Yep. This really ought to be standard for all births, but when there's a suspicion of infidelity, you'd be crazy not to insist on it (unless you don't mind spending 18 or more years paying to support someone else's kid).
Yep. The only time he can request is BEFORE the divorce. Not after.


Also, be sure to talk with your attorney about the circumstances. You can ask for a no-paramour clause in your temporary divorce orders. If she's got someone else on the side, ask to be reimbursed for dissipation of marital assets. And so on.
Agreed.
 

Ohiogal

Queen Bee
In the end, the right attorney for you depends on lots of factors. I thought my attorney was great, but she might not have been right for you. Look for:
- References. Talk to your friends to see if anyone has been through divorce. Get their views on their attorneys.
- Style. You should be comfortable talking with your attorney and their style should be compatible with yours. That doesn't mean the same. If you're a low-key, laid-back kind of person, you may want an aggressive pushy lawyer to balance you. Or maybe not. The key is that you need to be comfortable with them.
- Listening. A good attorney will explain the facts to you, but listen to your situation.
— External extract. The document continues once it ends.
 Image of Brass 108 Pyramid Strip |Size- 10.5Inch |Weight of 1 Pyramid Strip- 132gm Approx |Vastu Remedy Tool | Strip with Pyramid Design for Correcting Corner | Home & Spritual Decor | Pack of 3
Divorce is not a one-size-fits-all game. As one example, I've seen situations where the lower paid person waives alimony even though they might have been able to get it - and had good reasons. In this case, a good attorney will explain to the client the consequences of the decision and give a range of options. A bad attorney will either try to force the person into accepting alimony or will simply accept the client's request for no alimony without question.
- Communication. My business attorney is very talented and gets a lot done, but he doesn't communicate worth a darn. It can take weeks to get a call back (if it's urgent, I have to keep calling until I get through). And I often don't know what's going on with various negotiations. I can live with it for a business attorney because I mostly know what needs to be done and because I know him well enough to trust him. I would not likely accept that for your divorce attorney. Make sure the person has a reputation of communicating well. Some of the better ones will tell you that they always return calls within 24 hours.
Agree with the above.
- Check your state Bar. If an attorney has lots of complaints against them, stay away.
The state bar does NOT track complaints but rather DISCIPLINARY action. If the attorney has disciplinary action you need to find out the reason why. But if they have a lot of disciplinary action go the other way.


- Look for awards and accreditations. Mine was a member of the state Family law section of the Bar. That's a plus.
Being a member of the family law section means squat. It is not anything that is an award or accreditation. What it means is they paid the extra $50 to be part of the section. They may not even go to any of the meetings or participate in anything. So that doesn't tell you anything. What awards are you talking about? Some honors are a pay to play type of thing.
 

mistoffolees

Senior Member
Being a member of the family law section means squat. It is not anything that is an award or accreditation. What it means is they paid the extra $50 to be part of the section. They may not even go to any of the meetings or participate in anything. So that doesn't tell you anything. What awards are you talking about? Some honors are a pay to play type of thing.
I should have been more clear. My attorney was a member of the Family Law steering committee (or whatever they call it) for the state Bar. Apparently, three or 4 attorneys were chosen by their peers to serve on this committee. You're right that simply paying the fee to be part of the section doesn't mean much.